The event was put on by Students for Sustainable Living and Urban Gardening (SSLUG). Joanna Hale, a community member and SSLUG gardener, said she would like to see more people involved in urban agriculture.
“Basically, what SSLUG does is try to educate people that you can actually grow food on the Colorado Plateau,” Hale said. “So, we do a lot of education on what kind of seeds are good up here, ways to extend the season — because we have a very short growing season — ways to deal with pests, all that kind of thing.”
Hale said calling the event a seed exchange is a bit of misnomer since it is more of a free-for-all, so long as participants do not abuse the privilege.
“We call it a seed exchange, but for the most part, it’s very much buffet-style,” Hale said. “So it’s not necessarily that Josh has to negotiate with Amy and say, ‘I’ll trade you three squash seeds for a pepper [seed].’ Really, everyone has just laid their seeds out on the table, and everyone has a little packet. There’s an ethic that goes into a seed exchange: You don’t take more than you can plant, and you don’t take all of everything.”
Patrick Pynes, a professor of applied indigenous studies, sustainable communities and environmental studies who described himself as a professional gardener and beekeeper, said the exchange of seeds can allow novice and experienced gardeners alike to acquire seeds adapted to dry and cold environments such as Flagstaff.
“This is such a hard place to grow things; it’s so cold here,” Pynes said. “So, we’ve got these locally adapted seeds that are really encoded to grow really well here. So we can really exchange all these locally adapted seeds through a seed exchange like this, and sort of spread out into the community what we do well here.”
Seeds may be traded and knowledge might be dispersed, but in the end, Pynes said, such events are really about the gardening community coming together.
“Seed exchanging is all about building community through seeds and through meeting one another and learning what works here and what doesn’t,” Pynes said.
Hale said her organization has had annual exchanges for the past few springs, but this is the first year they have planned the event around downtown Flagstaff’s First Friday Art Walk.
“This is the first time we’ve done it on a First Friday,” Hale said. “It’s been great so far.”
Nina Porter, a sophomore chemistry education major, said she thought moving the event to coincide with the monthly festival helped the group get exposure.
“I think it’s a great idea, first of all,” Porter said. “It adds a whole ‘nother dimension to the idea of the evolution of community within a city. They have a great turnout tonight. Sure, the Art Walk is helping out, but things look good — people are participating.”
According to Hale and Pynes, participation — especially by university students — is a key goal of SSLUG. Hale said the group has already established a presence on south campus but has plans to expand.

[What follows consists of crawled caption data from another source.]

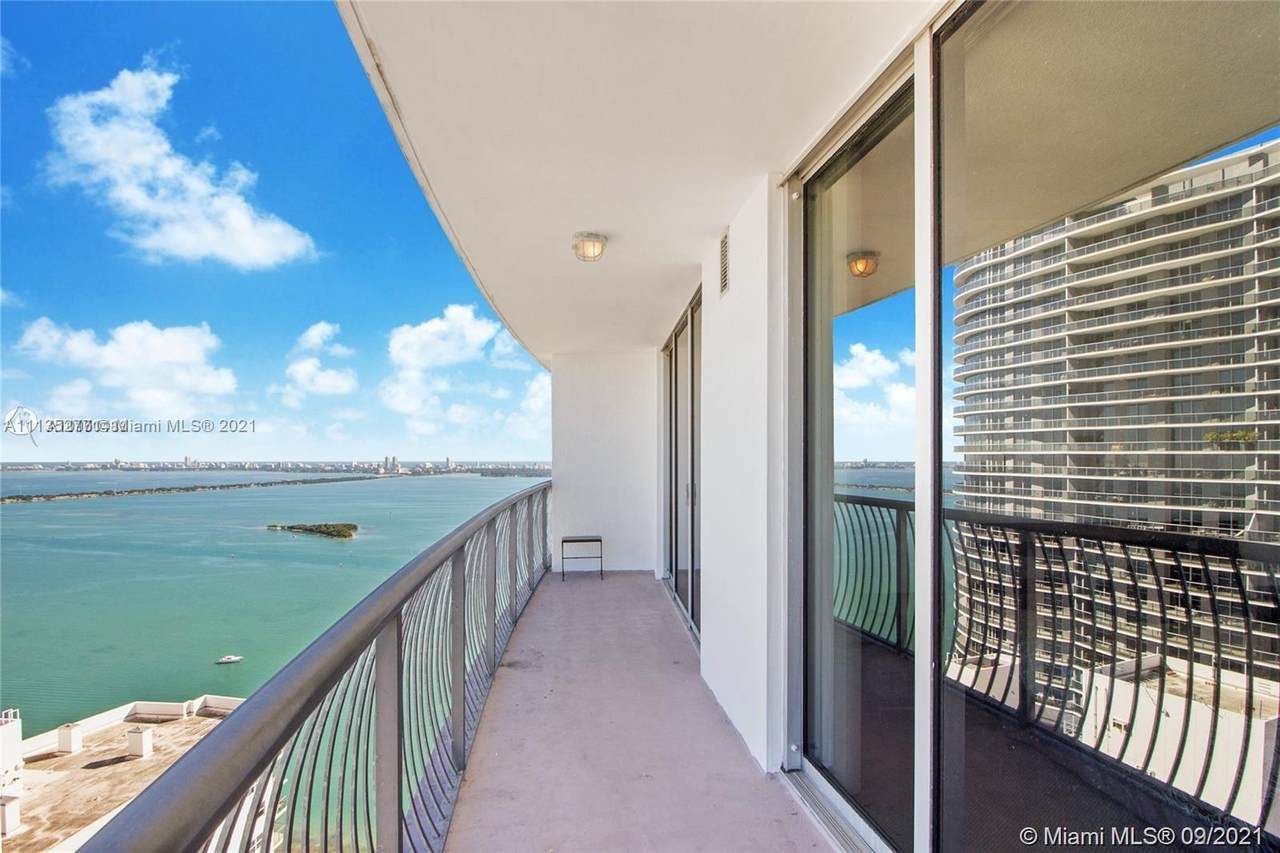 1750 Bayshore Dr - Photo 1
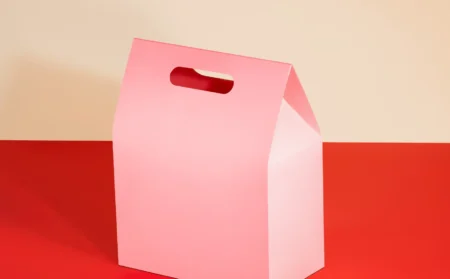 Mehr Sein als Schein: Warum Verpackung im Personal Branding über dich spricht, bevor du ein Wort gesagt hast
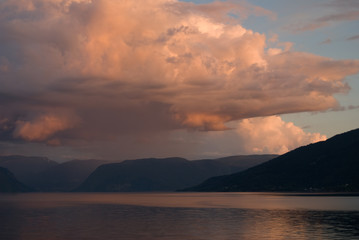 Sonnenuntergang am Sognefjord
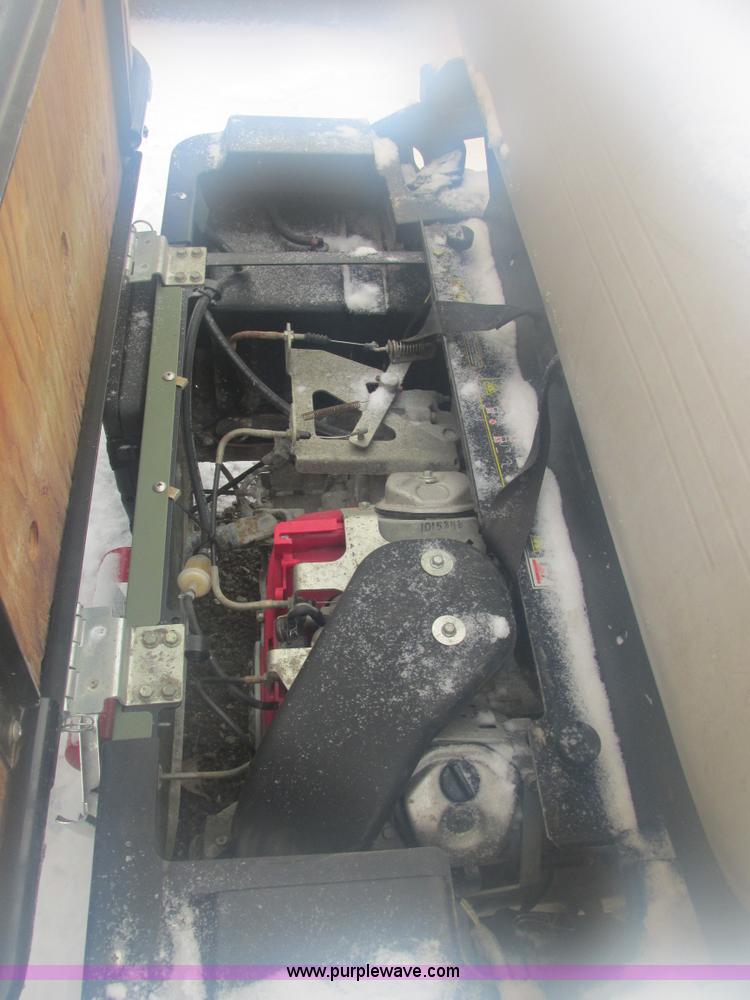 image for item E7069 2007 EZ-GO ST UTV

“We have a garden on south campus, near the business building and the social and behavioral science buildings, and we’re also expanding into north campus this upcoming season,” Hale said.
Elaborating on Hale’s words, Pynes said the north campus garden would be in front of and inside the atrium of the Applied Research and Development (ARD) building — an ideal location for a garden because of the large glass windows that reflect light to generate heat in front of the building.
“We’re looking at other possible gardens on campus,” Pynes said. “The first one we’re working on right now is at the ARD building. So, we’re working with a lot of other people; it’s a fairly complex process that involves coming together and finding out what each of us is interested in with what we can do with the ARD.”
Pynes said the northward expansion of campus gardens is the result of Green Fund monies, which will help pay for a specialist.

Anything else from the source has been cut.